Caledonian Park Clock Tower: Remnant of a Not Quite Forgotten Past

Caledonian Park Clock Tower

Caledonian Park Clock Tower (britishlistedbuildings.co.uk)

 

Every day I walk past the clock tower in the photograph above. Every day I cast an admiring glance at it (there’s not much else to look at on North Road). It’s being surrounded by new blocks of “luxury” flats at the moment although I’ll hopefully have the same view of it. If you’re wondering where it is, it’s in the borough of Islington, London, lying north of King’s Cross Station.

The history of the clock tower is fascinating. It was once part of Caledonian Market – so named because it was set just off the Caledonian Road. The market began life as the Metropolitan Cattle Market, opened by Prince Albert in 1855 as an alternative to Smithfield market which was becoming more difficult to drive cattle to. The impressive 30 acre area was chosen as it wasn’t too far from the goods yards at King’s Cross Station.

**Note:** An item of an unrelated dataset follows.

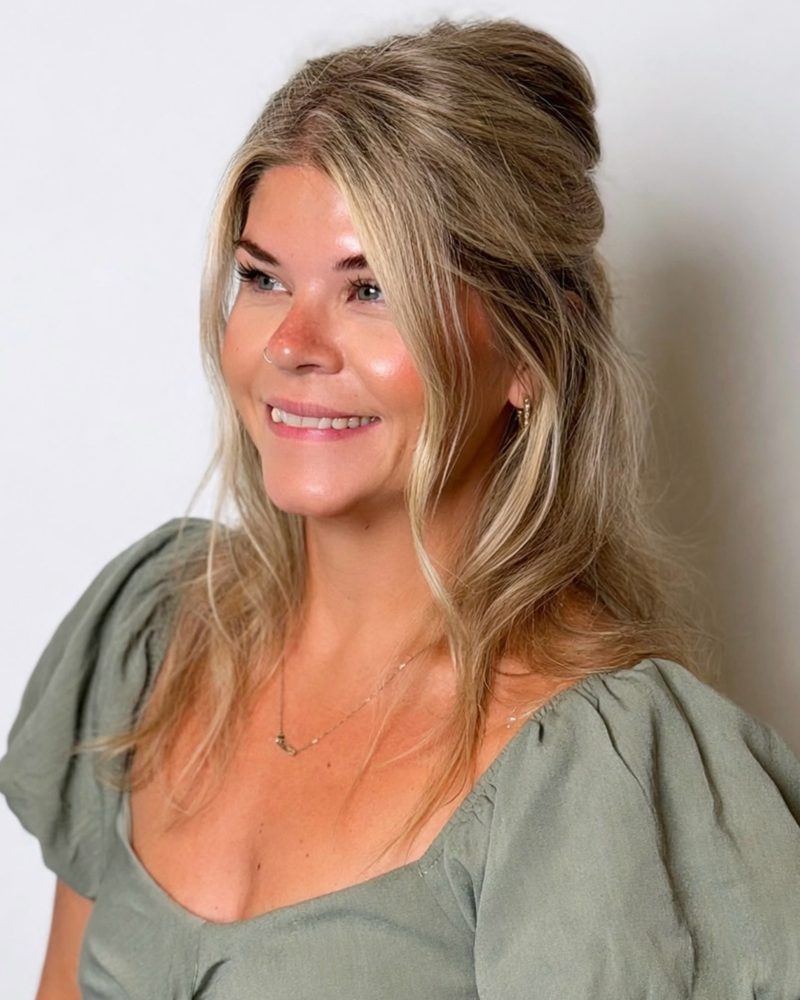 Melinda, owner of Colour Play Salon, smiling in a sage green puff-sleeve dress with her blonde hair in a half-up style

Picture of Caledonian Market

Caledonian Market as cattle market (victorianlondon.org)

 

Here are Charles Dickens’ comments on the layout of the place in Dickens’s Dictionary of London, 1879 (thanks VictorianLondon.org):

The market is of immense size, but large as it is, it is insufficient to contain the animals sent up for the Christmas markets. In the centre is a clock tower, round which are the offices of the market clerk and other officials. On one side is the cattle-market, upon the other the sheep-pens. The calves are for the most part under roofs with open sides, and the pigs have also their own portion of the market. The number of cattle and sheep sold here weekly is prodigious, and the arrangements are excellent both as regards regularity, and, as far as possible, the comfort of the animals.

Four pubs were to be found at each of the four corners of the market, three of which, along with the clock tower, are now listed structures.

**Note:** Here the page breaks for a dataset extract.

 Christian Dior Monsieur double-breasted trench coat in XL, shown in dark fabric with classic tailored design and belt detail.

Picture of bric a brac market at Caledonian Market

Bric a brac selling at Caledonian Market, with clocktower in background (museumoflondon.org.uk)

The market transformed along with the decline in the trade of live animals to become a popular antiques and bric-a-brac selling place at the beginning of the twentieth century.

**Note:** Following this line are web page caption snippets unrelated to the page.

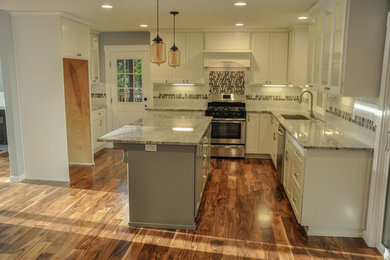 Kitchen - contemporary medium tone wood floor kitchen idea in Portland with an undermount sink, shaker cabinets, white cabinets, granite countertops, glass tile backsplash, stainless steel appliances and an island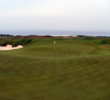 The enormous green at the 540-yard, par-5 fourth hole features three tiers, all running downhill from the fairway.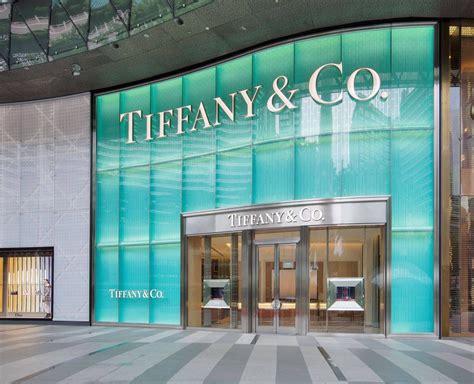 The two-story façade is lit with Tiffany Blue and carved with a ...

It closed during the Second World War and the buildings were flattened by aerial bombardment in 1940. It re-opened some time afterwards, however, in its new Bermondsey location. As a result it’s now known as New Caledonian Market or Bermondsey Market and still going strong.

Interestingly, a mediaeval law known as marché ouvert meant that items sourced on the never never could quite legally be purchased, as long as they were bought in good faith between sunrise and sunset. The market therefore had quite a dodgy reputation in both locations. The law wasn’t repealed until 1994.

Read some personal experiences of the market at Up the Cally: History and Recollections of London’s Old Caledonian Market or watch this Pathé video from 1967, taken just before redevelopment of the grounds.

It’s interesting to see how the memory of the market survives in the street and building names  to this day – there’s a Market Road, Drovers Way, Shepherd House, Penfields House, Market House and there’s even an Age UK day centre called the Drovers Centre.

The area is now split into Caledonian Park, sports pitches and housing areas such as Market Estate, and overlooking all these is the stately 151ft clock tower. It’s one of those unexpected sights in London that make it the unceasingly fascinating place it is.